Mucho antes de que él hablara, sus ojos traicionaron el deseo que sentía por ella. No lograba comprender por qué motivo los hombres deseaban su cuerpo. Estaba convencida de que cuando descubrieran que era una yegua como cualquier otra, se desilusionarían y se quedaría sin recursos, como mujer y como el hombre en que había tratado de convertirse.
Entonces ¿por qué persistía en aquel juego peligroso?
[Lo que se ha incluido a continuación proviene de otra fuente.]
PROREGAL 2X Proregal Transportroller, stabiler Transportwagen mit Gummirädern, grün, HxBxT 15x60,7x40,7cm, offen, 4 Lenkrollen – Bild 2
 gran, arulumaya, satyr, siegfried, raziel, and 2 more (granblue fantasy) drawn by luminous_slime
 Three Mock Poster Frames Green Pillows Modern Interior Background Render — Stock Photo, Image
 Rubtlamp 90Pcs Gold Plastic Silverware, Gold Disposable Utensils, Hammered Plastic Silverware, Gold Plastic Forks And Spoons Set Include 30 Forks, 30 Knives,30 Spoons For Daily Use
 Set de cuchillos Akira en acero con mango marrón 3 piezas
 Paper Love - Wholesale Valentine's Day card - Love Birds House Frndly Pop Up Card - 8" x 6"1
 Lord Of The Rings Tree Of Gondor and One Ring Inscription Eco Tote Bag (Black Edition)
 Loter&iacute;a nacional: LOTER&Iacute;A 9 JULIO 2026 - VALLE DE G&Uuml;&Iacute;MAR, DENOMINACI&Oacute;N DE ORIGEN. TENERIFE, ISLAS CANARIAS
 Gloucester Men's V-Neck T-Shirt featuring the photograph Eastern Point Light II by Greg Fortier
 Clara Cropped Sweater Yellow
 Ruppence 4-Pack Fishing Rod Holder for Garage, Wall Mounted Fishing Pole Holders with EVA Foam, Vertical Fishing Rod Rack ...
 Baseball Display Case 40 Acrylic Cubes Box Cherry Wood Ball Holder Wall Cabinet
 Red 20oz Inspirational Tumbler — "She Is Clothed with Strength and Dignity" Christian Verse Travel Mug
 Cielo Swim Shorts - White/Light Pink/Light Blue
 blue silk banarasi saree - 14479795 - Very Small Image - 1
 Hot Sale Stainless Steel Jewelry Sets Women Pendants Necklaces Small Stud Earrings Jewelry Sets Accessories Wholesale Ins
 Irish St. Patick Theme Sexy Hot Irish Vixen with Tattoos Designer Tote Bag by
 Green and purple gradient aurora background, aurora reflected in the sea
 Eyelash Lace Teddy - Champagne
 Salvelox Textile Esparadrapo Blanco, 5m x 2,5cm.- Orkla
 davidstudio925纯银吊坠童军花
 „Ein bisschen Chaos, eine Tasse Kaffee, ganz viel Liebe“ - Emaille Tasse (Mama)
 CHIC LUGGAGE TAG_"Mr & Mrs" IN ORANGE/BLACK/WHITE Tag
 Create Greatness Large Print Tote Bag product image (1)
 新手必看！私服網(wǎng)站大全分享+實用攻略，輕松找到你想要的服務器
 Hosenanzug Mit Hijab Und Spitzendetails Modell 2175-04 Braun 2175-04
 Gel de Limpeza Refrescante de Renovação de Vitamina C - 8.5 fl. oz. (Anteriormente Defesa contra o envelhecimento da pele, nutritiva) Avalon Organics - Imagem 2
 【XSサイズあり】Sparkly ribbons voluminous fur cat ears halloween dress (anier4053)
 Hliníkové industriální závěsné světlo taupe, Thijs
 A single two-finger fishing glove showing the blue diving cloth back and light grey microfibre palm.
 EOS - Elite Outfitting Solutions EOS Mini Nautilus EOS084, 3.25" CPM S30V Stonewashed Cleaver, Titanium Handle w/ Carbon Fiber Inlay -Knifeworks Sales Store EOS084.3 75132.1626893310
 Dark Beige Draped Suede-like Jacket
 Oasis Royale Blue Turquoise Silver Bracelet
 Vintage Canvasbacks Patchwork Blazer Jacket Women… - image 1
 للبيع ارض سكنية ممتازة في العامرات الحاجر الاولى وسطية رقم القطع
Qaidu le había contado el desafío propuesto por el bárbaro. Le sorprendía que él hubiera hecho algo así, que propusiera una apuesta tan arriesgada. Por fin contestó que aceptaba. Él haría la misma prueba de todos sus presuntos pretendientes: correr con ella una carrera hasta la cima de la colina y apoderarse del cadáver de una cabra. El primero que pusiera el premio ante la entrada de la yurta de Qaidu sería proclamado ganador.
De manera que al día siguiente cabalgaría contra el bárbaro. Si ella ganaba, él moriría. Si ganaba él, ella tendría que renunciar a su silla y al orgullo de su padre y someterse a él como una mujer a su marido.
¿Cuál sería el resultado? El día siguiente lo decidiría.